What must happen for Bitcoin to solidify its role as a store of value?
Although Bitcoin already functions as a store of value for many, several events could accelerate its consolidation as such globally.
Broader state adoption
Adoption by governments and central banks would be transformative. El Salvador and the United States have taken initial steps, but widespread adoption among major economies would cement Bitcoin’s status. If more central banks diversify their reserves to include BTC, the multiplier effect would be exponential.
Accelerated institutional adoption
More Fortune 500 companies, sovereign funds, and international banks incorporating Bitcoin into their balance sheets would further legitimize its role as a reserve asset. MicroStrategy’s and Tesla’s actions have been catalysts, but sustained trends among traditional financial institutions would be decisive.
Relative stability and reduced volatility
While Bitcoin has shown sustained long-term growth, short-term fluctuations generate caution among conservative investors. As its market capitalization increases and liquidity deepens, volatility would tend to decrease, making Bitcoin appear as a more predictable store of value.
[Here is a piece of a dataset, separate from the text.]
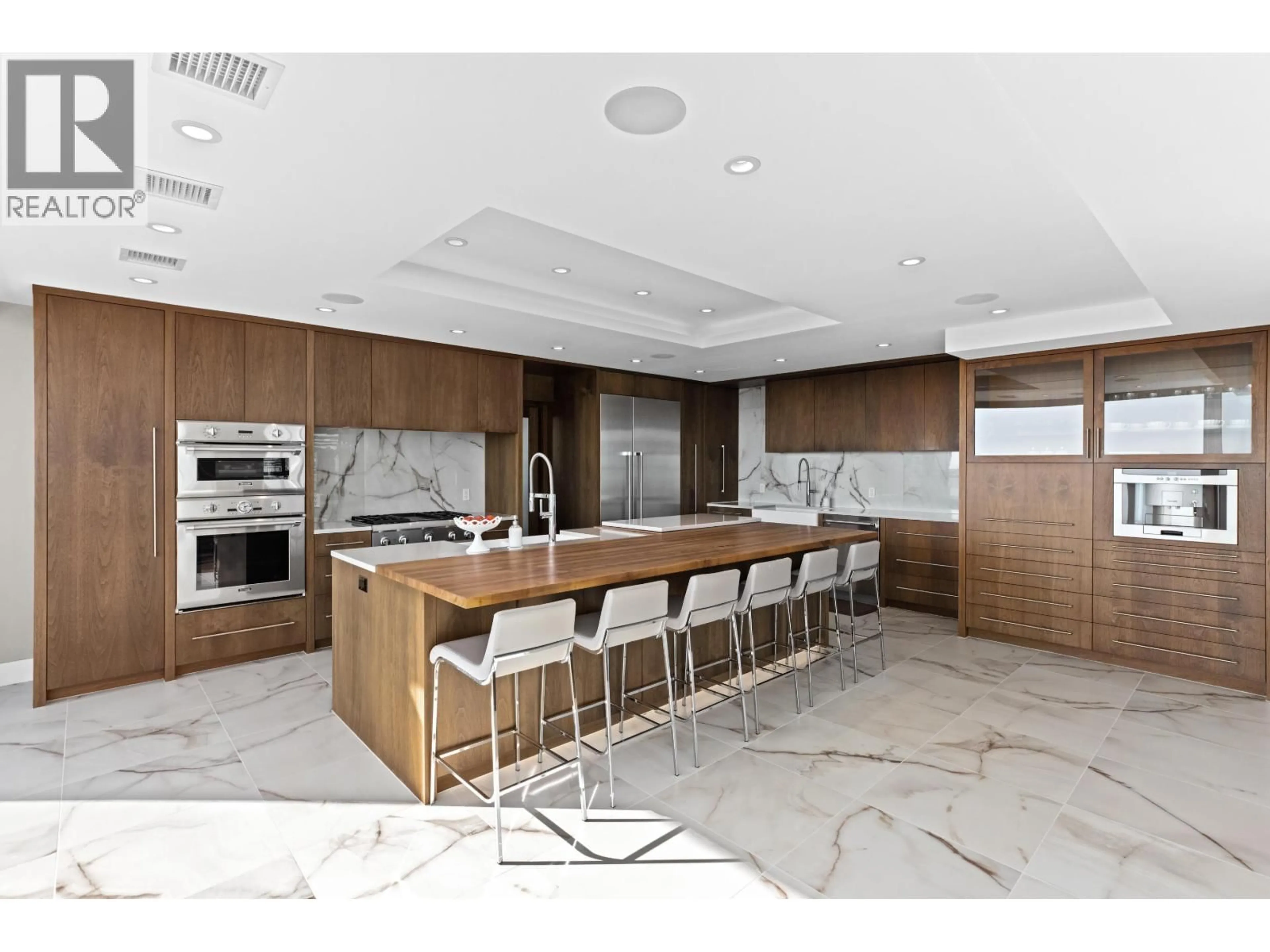 Contemporary kitchen, ceramic/tile floor for 3101 - 717 JERVIS STREET, Vancouver British Columbia V6E4L5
Economic crises validating the proposition
Historically, periods of hyperinflation, like Germany in the 1920s, demonstrated the fragility of fiat currencies. In modern contexts, if new debt or inflation crises hit developed economies, Bitcoin could establish itself as a reliable alternative. In countries with chronic inflation like Argentina and Venezuela, Bitcoin already acts de facto as a store of value, but validation in developed economies would be more impactful.
Technological infrastructure and regulatory clarity
Improvements in Bitcoin scalability—such as solutions like the Lightning Network—would increase its practical utility. Simultaneously, clear international regulatory frameworks that legitimize Bitcoin’s use without unforeseen restrictions would encourage large financial actors to invest without fear. Legal certainty is fundamental for formal institutions to adopt any new asset.
The convergence of these factors suggests that Bitcoin is on a path to becoming the most important digital store of value of the 21st century, offering what no other asset has: programmed scarcity, infinite durability, borderless portability, and radical transparency—all within a decentralized, censorship-resistant network.